I remember this like it was yesterday. I had been fusing for a while and I was ready to go to my first "big girl" 240 volt kiln. The truth is I really did not know what I was supposed to be looking for in a bigger kiln. I just knew I wanted more space and I had the money in my pocket ready to go. This was about 14 years ago, and I'm sure there were answers out there, but I didn't really know who to trust and what their motives might be. Here's my story... (without any bias to manufacturers).

My first larger kiln was a 24"octagon with a 21" round shelf.  I was so excited at the time that I didn't realize that a 21" round shelf meant that a only a 15" inch square would fit on the shelf. I knew that was not going to be enough shelf space for me so the problem was easily fixed a year later when I sold that kiln and purchased an oval. So, now I had an oval, which I loved by the way, but that one had a two piece shelf, making it harder to do larger pieces without the dreaded line. The full shelves were a $250 upgrade which seemed like a lot of money at the time. However, I really should have upgraded and not cheaped-out as it would have saved me alot of hassle. Lesson learned. 

About two years later, I then bought a new square one. This one had a 24" shelf and gave me a lot of utility. But again, I'd discovered there were issues I hadn't thought about. That kiln was very low to the ground and killed my back to load. Also, the lid was a bear to open and close from the front because again I didn't think I needed the lid lifter... so I'd have to stand on the side to open it. That added torque to the lid and a crack soon appeared. Again, I was being frugal and should have upgraded. After the lid was replaced, I sold that one too and continued my quest.
By now you can see that the addiction was taking hold. My husband and my business partner may have been colluding behind my back to check me into the nearest 12-step kiln addiction program. But I didn't care. Within a few years I'd added a fiber kiln to the mix. My confession is that I've owned over 25 kilns in 15 years. It's given me a great deal of experience about what kilns work for what projects. It's also allowed me to have the experience to helping others determine what they need and what might not be a good fit. Let's face it, everyone's needs are different and dictated by the kind of art work they want to do. 
Next, I bought my first clamshell. I really liked that one but the shelf was only 20" square. Too small for my taste.
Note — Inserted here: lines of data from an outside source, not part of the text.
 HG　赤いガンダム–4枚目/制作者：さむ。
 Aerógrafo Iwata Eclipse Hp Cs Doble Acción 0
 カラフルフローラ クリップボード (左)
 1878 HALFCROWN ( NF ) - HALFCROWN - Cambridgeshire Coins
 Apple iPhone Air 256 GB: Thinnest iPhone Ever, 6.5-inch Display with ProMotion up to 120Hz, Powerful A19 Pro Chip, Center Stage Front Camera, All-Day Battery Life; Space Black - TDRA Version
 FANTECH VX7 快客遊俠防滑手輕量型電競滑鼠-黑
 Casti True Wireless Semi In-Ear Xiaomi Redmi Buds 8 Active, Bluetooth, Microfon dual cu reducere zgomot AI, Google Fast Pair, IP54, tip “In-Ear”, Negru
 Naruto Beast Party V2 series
More bad decisions, you'd think I would have learned!

With all of that said... here's my checklist of what to think about when purchasing your first larger kiln. I wish someone would have shared this with me about 20 kilns ago.
  • Think about what kind of work you might want to do in the future. Your choice might work for today's needs, but will it look for tomorrows needs?
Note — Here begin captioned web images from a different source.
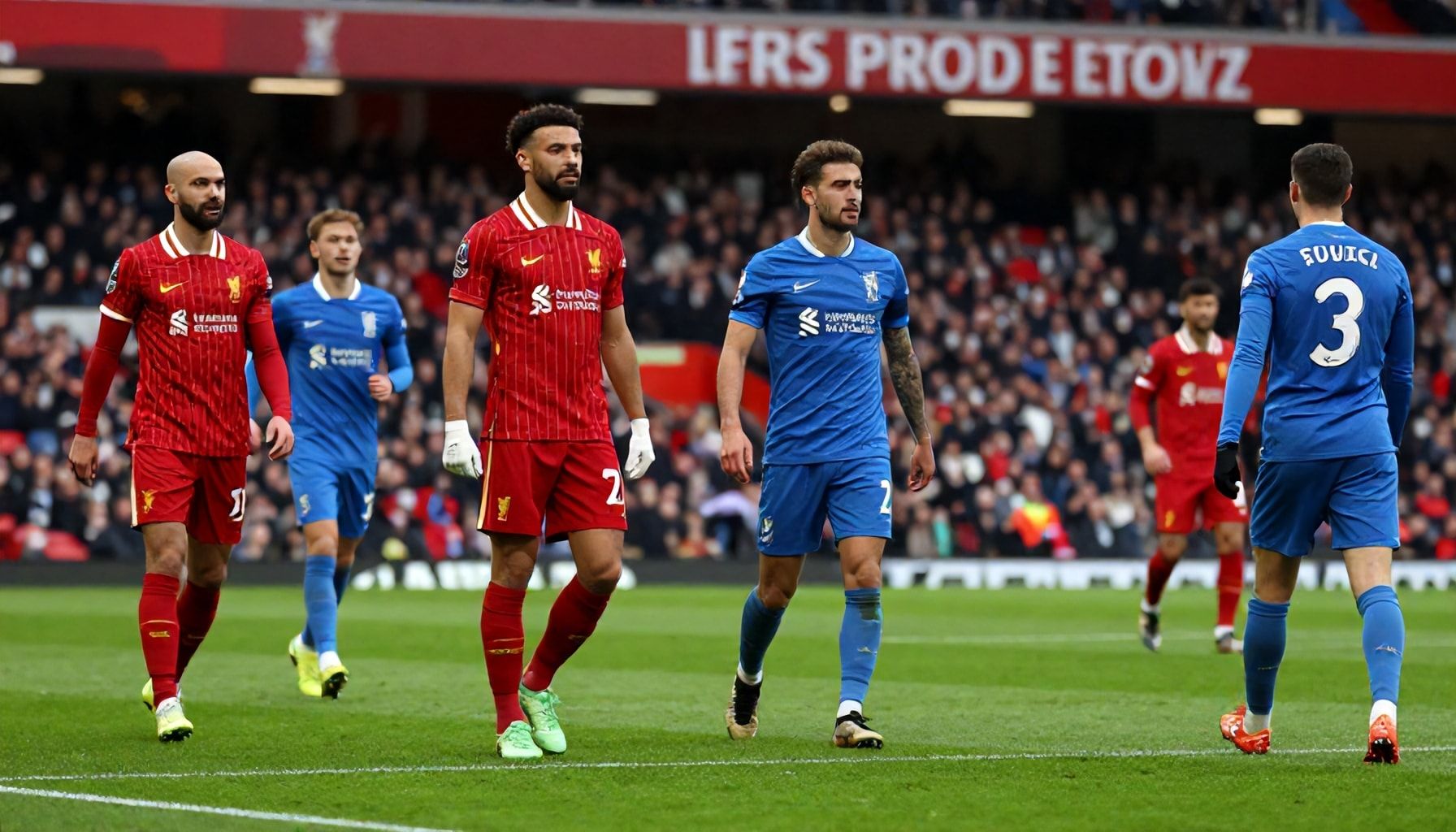 Uncovering the Reds' Rivalry: A Liverpool vs Ipswich Town Timeline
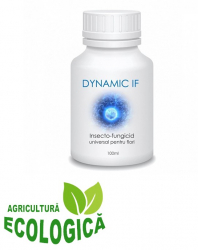 DYNAMIC IF insecticid si fungicid pentru flori conifere si citrice 100 ml 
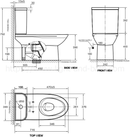 AMERICAN STANDARD NEO MODERN CC WITH SSWII 2630-A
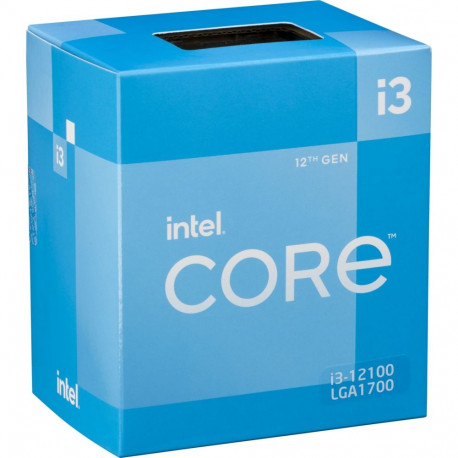Intel Core i3 12100 3 3 Intel3 Intel 3 GHz (BX8071512100)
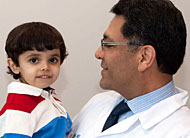Mohammad and Dr. Ajay Kaul.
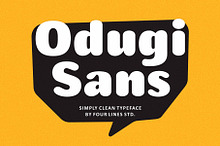 Udogi Sans - A Clean and Versatile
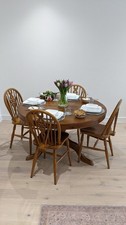 Solid Wood Round Dining Table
  • Think about your body. This might sound silly to you, but if you intend to use your new kiln a lot, you'd better be comfortable loading it, scraping the shelves, vacuuming it and lifting the lid. You will absolutely use the kiln LESS if you are not comfortable. Be smart, get the lid lifter, or the full shelf, or the clamshell, or the taller stand, even if it costs more. It will be worth it in long-term utility.
  • Be honest with yourself. Will you change the relays every year or two without someone standing over you to do it? If not, then think about getting mercury relays, which never need to be changed. Yes, they're an upgrade, but in 14 years and over 25 kilns I've had a few relay failures. Two of my failure happened with full kiln loads and the relays stuck in the "on" position. It does happen and it's no one's fault. It's just like a blown out tire, it just happens.
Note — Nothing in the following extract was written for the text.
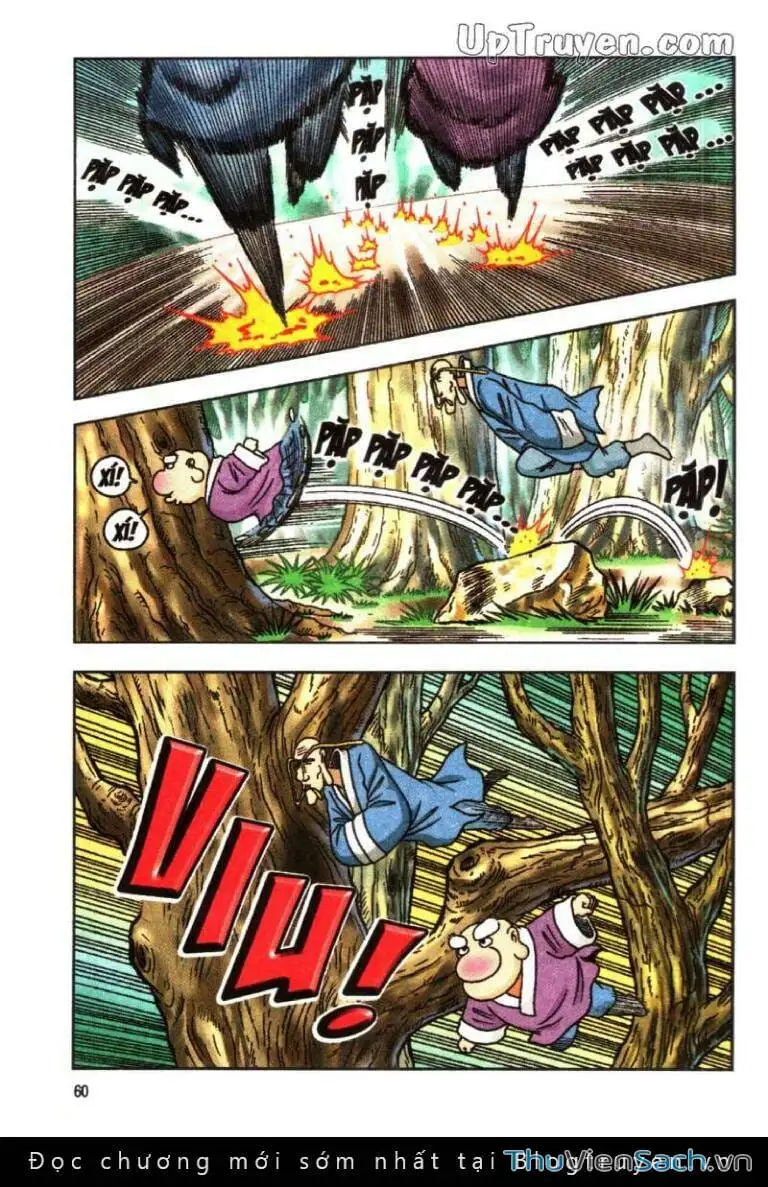 Truyện Tranh Ô Long Viện: Linh Vật Sống trang 2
  • Think about how lazy or energetic you are. No one is judging you here! I can be lazy and  I'll admit it. How much do you love to scrape shelves and vacuum? I don't love it, so I avoid it. The way to fix this problem and make it less irritating is to actually purchase extra shelves with your kiln. It's actually much less expensive and far healthier to use kiln wash than it is to use fiber paper. The more shelves you can rotate, the less scraping and coating it will feel like you are doing.
  • Finally, really think about getting what you want. I cheaped-out on several upgrade items that would have made me happier with my kiln long term. Even if it hurts a little, get what you need so that you don't have regrets.
    Of course there's a disclaimer! I am part of the kiln establishment now, selling kilns to other artists. But here's my truth, I represent four different kiln companies and doing this allows me to better represent my artist clients and get them the kilns they need, configured the way they need them. I'm not sure if I should be proud or ashamed of the number of kilns I have owned from each of the companies I represent. I'm joking a little saying that, but owning kilns from each manufacturer has made me more than just familiar with how those kilns work, it's made me educated about how each company builds their kilns, and where each company shines.
    So here's the recap of what to consider:
    1. Think long-term about your artwork needs!
    2. Think long-term about your physical needs and how they might change!
    3. Think long-term about your nature and how you want to spend time!
    4. Think long-term about your budget and what you'll really need to make you happy on #1-2-3!
    I love teaching my students and talking to artists about their needs everyday! 
    I love helping fellow artists get what they need to do their best work!
    Thanks for letting me do what I love!